6. The method of claim 1, wherein exciting the optical emission spectrum of the sample includes generating a discharge pulse comprising a first part which excites the spectral lines of ions and a second part which excites the spectral lines of neural atoms.
7. The method of claim 1, wherein exciting the optical emission spectrum of the sample includes generating discharge pulses with different parameters included within a sequence of discharge pulses.
8. The method of claim 1, further comprising adjusting the composition of the bath during processing based on the determined elemental concentration of the sample.

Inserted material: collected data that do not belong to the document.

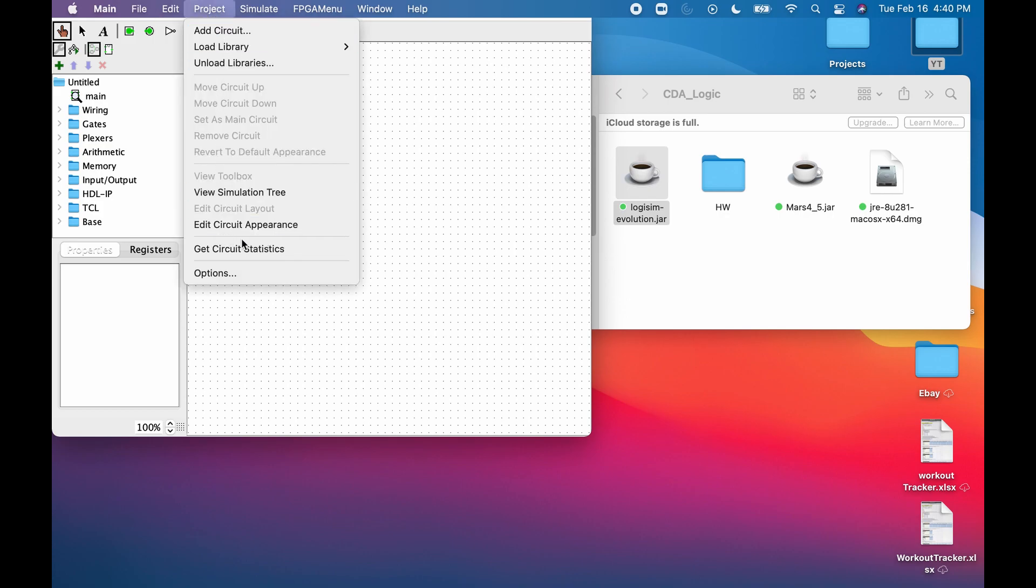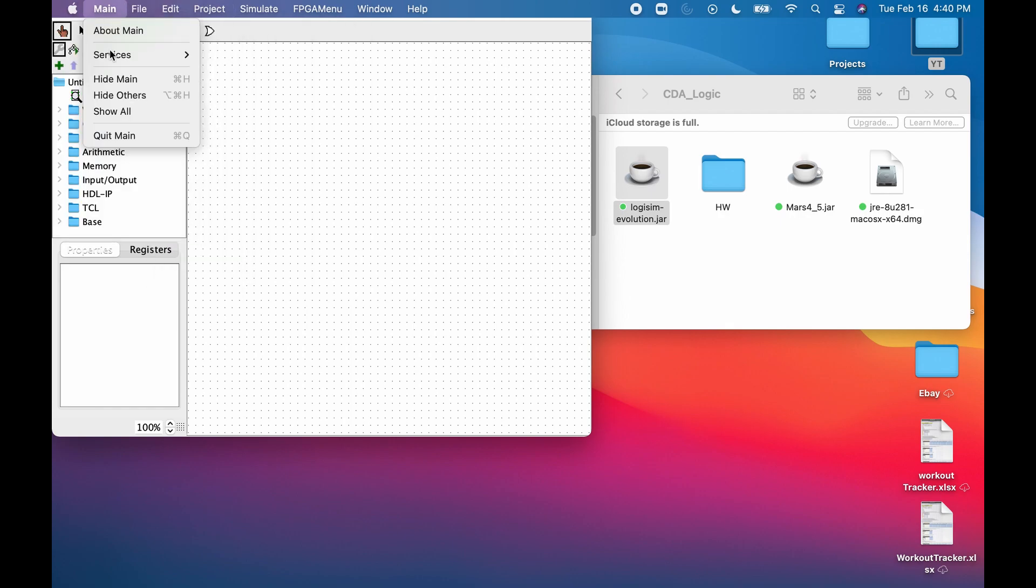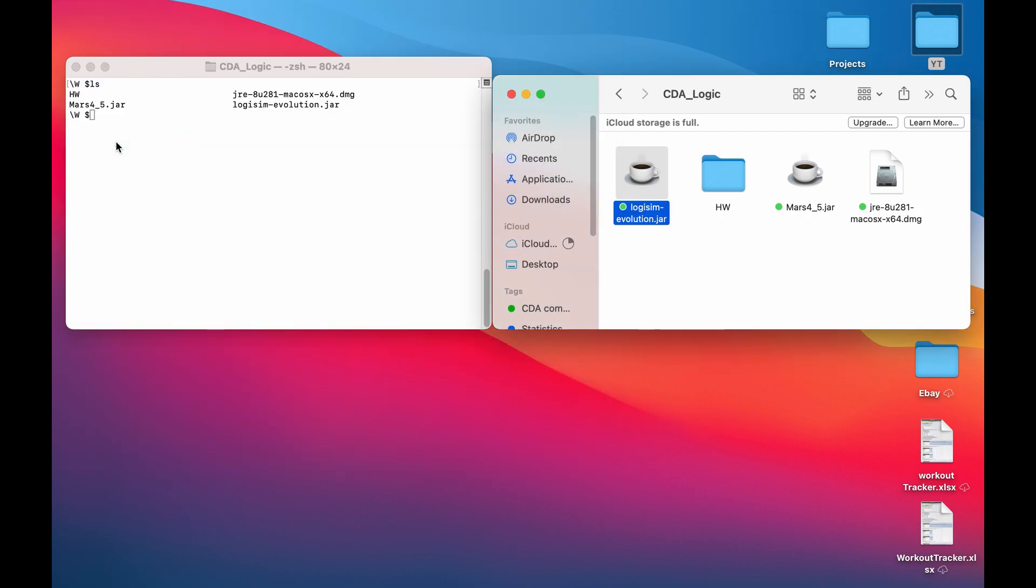As you can see, the analysis tool is currently disabled, so the first thing you want to do is quit the program completely. Next, you're going to open up terminal or command line and navigate to the file where your Logisim program is located.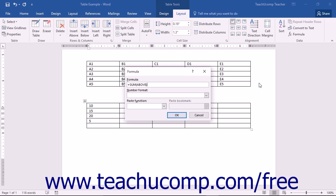This dialog box is where you actually enter the formula that will then be inserted into the table cell as a formula field. Note that when the formula dialog box opens, Word will try to guess what function it is that you want to perform.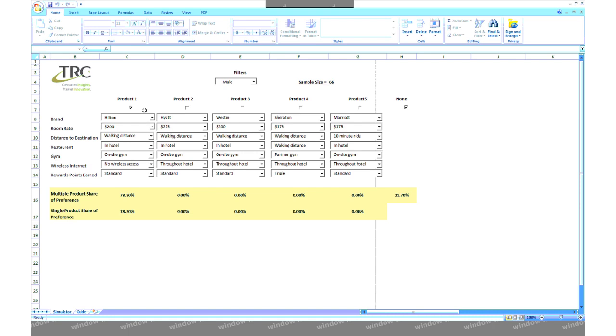But when simulating more than one product, the multiple product share of preference is the relative share of each product in this scenario, and these shares will sum to 100 percent. This simulator allows you to build any combination of products and to see how the shares look across the board.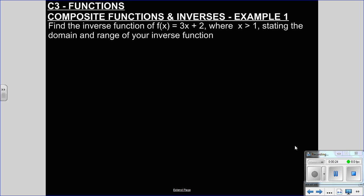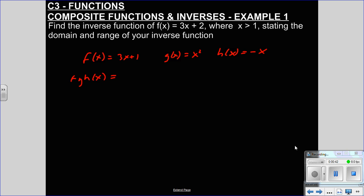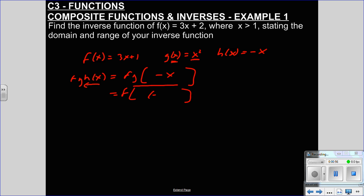First, composite functions. If I had f(x) = 3x + 1, g(x) = x², and h(x) = -x, and I wanted to do fg(h(x)), that would be fg, always working inside out. h(x) is -x, so f(g(-x)). Whatever's in that bracket replaces this one, so that's (-x)², so that's f(x²). Wherever the x is seen, that replaces here, so we've got 3(x²) + 1, because f takes whatever's in that bracket, multiplies it by 3 and then adds 1, so that's 3x² + 1.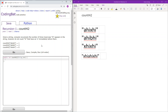Recursion 1, count_hi2. Given the string, compute recursively the number of times lowercase 'hi' appears in the string. However, do not count 'hi' that have an 'x' immediately before them.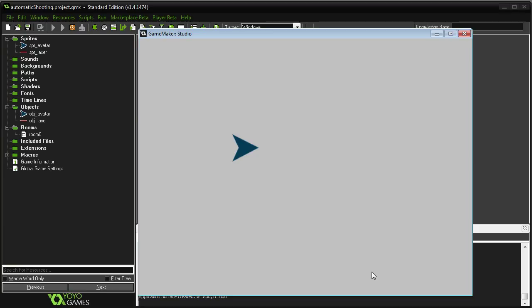This time we're going to talk about automatic shooting or automatic firing or holding the key to shoot. I have no idea what this is called. I tried finding a term for it and I got nothing. So who knows what I'm going to call this when I actually put it up.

9. An apparatus for processing the chemical composition of a molten metal bath within a metallurgical vessel, the apparatus comprising: a probe for obtaining a sample of molten metal from the bath, the probe having a first probe part and a second probe part, wherein the first probe part is divisible from the second probe part and the first probe part contains the sample; an atomic emission spectrometer located in close proximity to the vessel; an excitation chamber formed within the atomic emission spectrometer by joining the first probe part with an upper chamber housing; a spectral excitation source operably connected to the excitation chamber, the spectral excitation source operating to excite atoms within the sample to emit optical radiation; an optical detector operably connected to the excitation chamber to detect and measure the optical radiation and convert the radiation into proportional electrical signals; and a processor operably connected to the optical detector, the processor receiving the electrical signals and determining the elemental concentration of the sample.
10. The apparatus of claim 9, wherein the probe is disposable.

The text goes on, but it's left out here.